La politique de retour sur le devant de la scène : élections américaines
2024 sera bien sûr une année électorale aux Etats-Unis. Dans une course serrée à la Maison-Blanche, le discours politique deviendra encore plus belliqueux. L’année sera compliquée pour le président sortant, dans un contexte de ralentissement de l’économie et de hausse du chômage, mais aussi d’obstacles liés à la politique étrangère, notamment la possibilité d’un conflit prolongé au Proche-Orient, voire d’une escalade de ce conflit. Les questions soulevées durant la campagne présidentielle porteront sur de potentielles baisses de taux, sur un renforcement du protectionnisme commercial, sur le soutien à l’Ukraine et sur la viabilité du déficit budgétaire. Ni les démocrates ni les républicains ne nous semblent pressés d’adresser la question de la dette fédérale grandissante. Le consensus semble également s’accorder sur le maintien d’une politique concurrentielle et hostile envers la Chine, ainsi que sur la nécessité de renforcer l’économie face à ce que les autorités perçoivent comme une menace chinoise, notamment par le biais de droits de douane et d’un accès limité aux technologies américaines.

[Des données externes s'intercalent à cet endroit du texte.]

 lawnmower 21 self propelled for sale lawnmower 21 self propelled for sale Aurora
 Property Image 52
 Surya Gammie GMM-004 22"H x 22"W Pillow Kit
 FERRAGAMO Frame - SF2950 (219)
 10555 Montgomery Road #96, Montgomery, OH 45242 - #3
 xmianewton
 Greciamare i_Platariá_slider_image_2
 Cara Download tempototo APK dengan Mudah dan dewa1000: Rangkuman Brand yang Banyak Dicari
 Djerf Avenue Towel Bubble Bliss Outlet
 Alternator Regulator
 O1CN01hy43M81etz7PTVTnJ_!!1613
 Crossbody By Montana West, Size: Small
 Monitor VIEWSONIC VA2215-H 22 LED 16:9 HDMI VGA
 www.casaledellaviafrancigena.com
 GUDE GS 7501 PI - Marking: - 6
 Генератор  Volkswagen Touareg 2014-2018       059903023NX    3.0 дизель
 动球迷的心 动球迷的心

Risques à surveiller : instabilité géopolitique et financière
L’intensification de la concurrence et des conflits dans le monde compromet la capacité des dirigeants à prendre leurs décisions. Les chaînes d’approvisionnement et les flux d’investissement se voient redessinés sur le plan mondial (voir le graphique 6, page 06). Les tensions sino-américaines (notamment au sujet de Taïwan), la guerre entre la Russie et l’Ukraine et le conflit entre Israël et le Hamas sont autant de sources de risque, dont l’escalade pourrait avoir des conséquences macroéconomiques importantes. Pour l’heure, le marché obligataire s’est davantage inquiété du risque de taux d’intérêt. La baisse des cours des obligations a créé des problèmes parmi les banques en mars 2023, lesquels pourraient refaire surface. Les défauts sur prêts immobiliers commerciaux sont eux aussi source de vulnérabilité pour divers établissements financiers. Le ralentissement de la croissance pose également des problèmes pour la viabilité des finances publiques, sachant que les ratios dette publique/PIB des pays développés dépassent désormais les sommets atteints après la Seconde Guerre mondiale.
A noter que la hausse des rendements obligataires n’a pas encore engendré d’élargissement prononcé des spreads de crédit (ou de la prime que les entreprises paient sur leur dette par rapport au rendement des titres souverains). Pour cette raison, les défauts, les faillites et, en conséquence, les licenciements, restent limités. Si les investisseurs venaient à s’inquiéter davantage du risque de crédit, nous pourrions entrer dans une nouvelle phase plus inquiétante du cycle conjoncturel. Mais notre scénario de base reste le même : une détérioration modérée des conditions de crédit devrait continuer à protéger les entreprises, les emplois et la croissance contre un ralentissement plus marqué.